Thank you, Stu, for the interesting topic. As some of the collectors on this forum already know, I have a large collection of first British LoTR editions, as it was earlier my primary focus of collecting, especially in the years 2013 and 2014 (in the last 8 to 9 years I have diversified a lot more). What I can tell you from my experience is that there is a very large variation in prices, and even now I can stumble from time to time upon really good deals. These deals are rarer and rarer as years go by. I am 100% sure that a good percentage of purchases are by book dealers that resell later for higher prices, which partially elevates the whole market. Very important is the continuing demand for the books. Patience is a key virtue, as many of our veteran collectors already know. For new collectors, small advice: if you are not cautious, you can blow up your bank pretty quickly if you don't have very deep pockets.
Lokki wrote:
Thank you, Stu, for the interesting topic. As some of the collectors on this forum already know, I have a large collection of first British LoTR editions, as it was earlier my primary focus of collecting, especially in the years 2013 and 2014 (in the last 8 to 9 years I have diversified a lot more). What I can tell you from my experience is that there is a very large variation in prices, and even now I can stumble from time to time upon really good deals. These deals are rarer and rarer as years go by. I am 100% sure that a good percentage of purchases are by book dealers that resell later for higher prices, which partially elevates the whole market. Very important is the continuing demand for the books. Patience is a key virtue, as many of our veteran collectors already know. For new collectors, small advice: if you are not cautious, you can blow up your bank pretty quickly if you don't have very deep pockets.

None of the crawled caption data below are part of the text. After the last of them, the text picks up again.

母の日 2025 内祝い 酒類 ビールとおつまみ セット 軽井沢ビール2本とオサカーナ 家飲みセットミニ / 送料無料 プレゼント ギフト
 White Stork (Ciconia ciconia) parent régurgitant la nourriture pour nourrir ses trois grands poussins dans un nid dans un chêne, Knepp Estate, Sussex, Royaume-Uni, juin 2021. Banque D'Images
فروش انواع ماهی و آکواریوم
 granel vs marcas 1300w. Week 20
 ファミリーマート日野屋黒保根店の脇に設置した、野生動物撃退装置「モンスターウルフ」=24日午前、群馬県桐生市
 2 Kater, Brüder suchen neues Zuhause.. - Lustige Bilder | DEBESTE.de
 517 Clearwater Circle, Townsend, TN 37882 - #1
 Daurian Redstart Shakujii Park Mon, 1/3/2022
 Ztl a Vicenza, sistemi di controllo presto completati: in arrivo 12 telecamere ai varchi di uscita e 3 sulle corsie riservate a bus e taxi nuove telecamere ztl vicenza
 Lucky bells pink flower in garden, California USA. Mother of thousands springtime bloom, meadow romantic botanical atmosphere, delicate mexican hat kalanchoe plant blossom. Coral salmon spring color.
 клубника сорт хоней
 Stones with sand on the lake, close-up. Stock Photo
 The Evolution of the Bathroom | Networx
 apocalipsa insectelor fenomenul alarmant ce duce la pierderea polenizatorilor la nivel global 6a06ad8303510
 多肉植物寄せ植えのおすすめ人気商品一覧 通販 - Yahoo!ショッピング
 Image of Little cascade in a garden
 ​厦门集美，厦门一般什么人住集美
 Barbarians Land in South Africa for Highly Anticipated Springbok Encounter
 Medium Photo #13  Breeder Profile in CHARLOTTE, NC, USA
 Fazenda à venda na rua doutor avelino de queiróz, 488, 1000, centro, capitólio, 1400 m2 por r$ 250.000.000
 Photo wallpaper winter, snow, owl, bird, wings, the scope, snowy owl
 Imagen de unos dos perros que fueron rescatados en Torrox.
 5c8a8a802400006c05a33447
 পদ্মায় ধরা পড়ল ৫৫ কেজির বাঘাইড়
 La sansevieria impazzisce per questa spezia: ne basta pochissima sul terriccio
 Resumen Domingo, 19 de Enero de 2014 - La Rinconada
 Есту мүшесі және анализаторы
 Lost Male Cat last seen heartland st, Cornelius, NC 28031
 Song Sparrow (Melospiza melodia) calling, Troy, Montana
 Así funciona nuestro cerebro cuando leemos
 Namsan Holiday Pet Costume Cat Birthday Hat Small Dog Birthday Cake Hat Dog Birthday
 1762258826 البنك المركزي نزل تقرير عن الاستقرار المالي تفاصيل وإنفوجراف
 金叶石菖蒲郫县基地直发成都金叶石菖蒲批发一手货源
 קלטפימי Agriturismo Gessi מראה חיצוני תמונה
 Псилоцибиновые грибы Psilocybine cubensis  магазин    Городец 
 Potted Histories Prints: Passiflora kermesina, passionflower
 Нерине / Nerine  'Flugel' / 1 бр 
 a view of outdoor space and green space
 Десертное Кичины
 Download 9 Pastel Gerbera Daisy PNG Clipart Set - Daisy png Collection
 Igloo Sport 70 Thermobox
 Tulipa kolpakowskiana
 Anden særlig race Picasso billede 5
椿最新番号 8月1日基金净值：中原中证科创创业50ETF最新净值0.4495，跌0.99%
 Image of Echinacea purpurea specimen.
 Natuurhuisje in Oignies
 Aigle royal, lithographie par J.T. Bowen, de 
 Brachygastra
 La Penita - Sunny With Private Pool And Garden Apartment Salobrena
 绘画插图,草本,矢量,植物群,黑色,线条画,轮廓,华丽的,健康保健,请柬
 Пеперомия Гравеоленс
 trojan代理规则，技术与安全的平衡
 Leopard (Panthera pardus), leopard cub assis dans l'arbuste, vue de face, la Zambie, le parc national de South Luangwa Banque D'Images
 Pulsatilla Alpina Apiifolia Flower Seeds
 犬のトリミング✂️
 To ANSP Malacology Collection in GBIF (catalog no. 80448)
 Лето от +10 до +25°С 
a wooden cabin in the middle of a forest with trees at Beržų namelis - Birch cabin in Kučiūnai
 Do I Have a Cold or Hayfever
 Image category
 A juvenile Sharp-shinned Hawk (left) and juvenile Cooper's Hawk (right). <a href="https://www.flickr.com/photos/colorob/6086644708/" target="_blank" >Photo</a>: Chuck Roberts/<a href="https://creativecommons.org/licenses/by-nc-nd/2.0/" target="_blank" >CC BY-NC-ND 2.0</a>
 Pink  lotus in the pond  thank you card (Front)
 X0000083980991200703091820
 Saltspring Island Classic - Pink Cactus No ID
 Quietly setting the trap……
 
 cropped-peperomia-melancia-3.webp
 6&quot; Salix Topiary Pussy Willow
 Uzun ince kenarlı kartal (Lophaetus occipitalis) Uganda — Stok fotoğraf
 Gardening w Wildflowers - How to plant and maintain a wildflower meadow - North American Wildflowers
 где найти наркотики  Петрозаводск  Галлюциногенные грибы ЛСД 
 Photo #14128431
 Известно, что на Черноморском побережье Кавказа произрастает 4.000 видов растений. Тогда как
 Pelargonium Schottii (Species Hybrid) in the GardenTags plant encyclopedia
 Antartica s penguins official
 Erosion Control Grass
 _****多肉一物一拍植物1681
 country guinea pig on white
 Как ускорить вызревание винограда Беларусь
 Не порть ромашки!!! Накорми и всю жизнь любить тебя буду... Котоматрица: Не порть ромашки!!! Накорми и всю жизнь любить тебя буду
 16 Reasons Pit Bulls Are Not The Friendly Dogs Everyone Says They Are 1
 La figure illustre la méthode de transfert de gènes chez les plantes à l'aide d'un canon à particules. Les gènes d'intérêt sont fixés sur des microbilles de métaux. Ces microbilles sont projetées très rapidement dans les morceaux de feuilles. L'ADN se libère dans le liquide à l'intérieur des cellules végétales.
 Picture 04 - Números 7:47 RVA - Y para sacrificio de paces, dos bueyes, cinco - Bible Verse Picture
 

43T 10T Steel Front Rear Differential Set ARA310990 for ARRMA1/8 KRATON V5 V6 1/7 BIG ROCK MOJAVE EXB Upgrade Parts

If there was one thing I would teach new collectors, it would be "just because you can't see a copy on eBay this week, it doesn't mean it is rare". I think a lot of new buyers don't realise that even relatively common books aren't always just there to be picked up on a whim, and then when they see one being sold by a predatory dealer (and that's most - not all - of them in the Tolkien space), they end up paying three or more times what the item is really worth on the normal open market. We see dealers buying on eBay to flip at multiples of the original price almost daily at this point. This only works because the market is generally poorly informed and some of these professional sellers have fairly poor ethics.
The late Stu wrote:
We see dealers buying on eBay to flip at multiples of the original price almost daily at this point. This only works because the market is generally poorly informed and some of these professional sellers have fairly poor ethics.
I would agree with this, the market is not well informed at all when it comes to rarity of items, how often certain items appear for sale or auction prices (really true ways of telling the worth of an item) I see it all the time in other social media spaces. People asking for advice and getting wrong information. This is why we work so hard here at maintaining good auction and recent eBay sales records, as well as the flipping books thread, so collectors can see what is actually happening with the market.